Warren Galea’s Meditations – an abstract journey for the mind and soul

This is Galea’s third album, consisting of purely improvised, solo guitar expressions.
Musician Warren Galea. Photo: Facebook

I found myself discovering a new feeling with every abstract tune as I listened to Warren Galea’s Meditations.

Galea is a talented guitarist and composer, and a prominent name in the Maltese Jazz scene. Having graduated from the New School for Jazz and Contemporary Music in New York, Galea has performed in numerous renowned venues across the United States, as well as the Dusseldorf Jazz Rally in Europe, Europe Day Festival, and, of course, the Malta Jazz Festival.

Released on August 18, Meditations follows Diadems, Troubadours and The Odyssey, as Galea’s third album. However, it stands out from the rest of his albums and EPs, as it is a collection of improvised, personal guitar tunes, recorded throughout the span of one year on his mobile phone.
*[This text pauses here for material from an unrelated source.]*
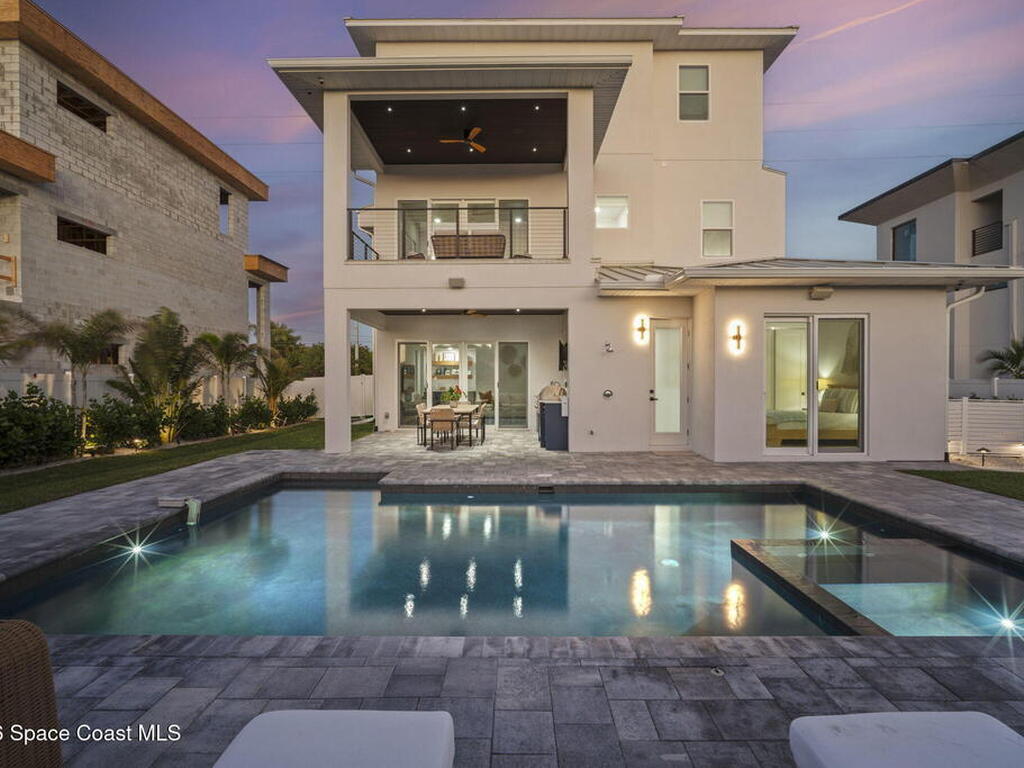 2050 S Atlantic Avenue, Cocoa Beach, FL 32931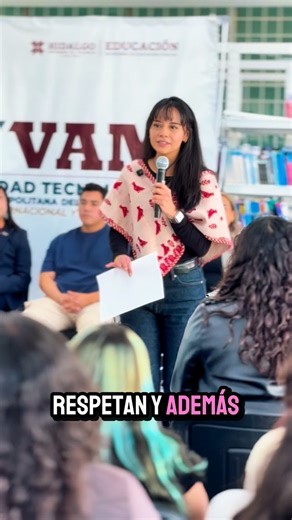 Gretchen Atilano on Instagram: "El día de hoy asistí a la @utvam_bis para acompañar a la entrega de Copas Menstruales 🙎🏻‍♀️✨, como parte del programa “Ciclo Consciente”, del @juventudhgo , encabezado por el compañero @ricardo_olverahgo. Esta acción reafirma nuestro compromiso con la salud menstrual, la equidad y el bienestar de nuestras juventudes, impulsando políticas públicas con enfoque de derechos y perspectiva social 🌸. #CicloConsciente #Juventudes #TizayucaCiudadPróspera 💜"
While Diadems, Troubadours is also a rather personal release as it pays homage to his late father, Leslie Galea, Meditations serves as a journal of sorts, both for the composer, as well as for the listener.

The 23 tracks which make up the album all carry the titles of the date they were composed on, spanning from January 7 2021 to March 1 2022, hence the personal, diary-like aspect of this work. The improvisations make it seem as if you’re having an honest, heart-to-heart chat with Galea, perhaps discussing something personal that no eavesdroppers should be part of. He is conversing with his guitar, while you respond with your feelings, emotions, or anything that has emerged as a result of his melodies, be it a soft, acoustic guitar (No. 10: June 25th, 2021), or a rasher and more overdriven sound (No. 14: November 21st, 2021).

The ambient hum that comes with most phone recordings is a small detail which adds to the authenticity of this album, as it reveals that this is just Galea and his instrument in an eruption of spontaneous creativity; no studio editing, no set order of recording, but pure feeling in the spur of the moment. The length of the tunes ranges from 20 seconds to almost 9 minutes, much like a diary entry – some days seem brief, while there are others which you just can’t stop writing about.

No. 21: February 28th, 2022 is by far the most versatile song in the album. It is full of diverse techniques which also show Galea as an incredibly skilful musician. In those seven minutes and 34 seconds you can hear intricate scales, bluesy string bends and gentle strumming that echoes throughout. The highs and lows turn this tune into an emotional ride, while around the five-minute mark, you can almost picture him playing the elaborate solo in front of you. The song comes to a gentle close, concluding the experience in which you barely feel the time passing by.

It is interesting to note that the release party for Meditations, which took place at Rumi Poetry Bar in Valletta, consisted of a fully improvised set by Galea. While I expected to hear the album itself at a release party, this choice came as a pleasant surprise which further emphasised his improvising prowess and ability to convey feeling with his instrument, rather than the exact tunes of the album itself. In a sense, it served as an extension of the album.

I have had the chance to listen to Galea live numerous times, and (full disclosure) even to play a tune with him on one occasion. This album confirms him as an incredibly talented musician who can almost effortlessly add his own flavour to any song. You can catch him enchanting the audience in multiple venues across the island, be it solo or with a band.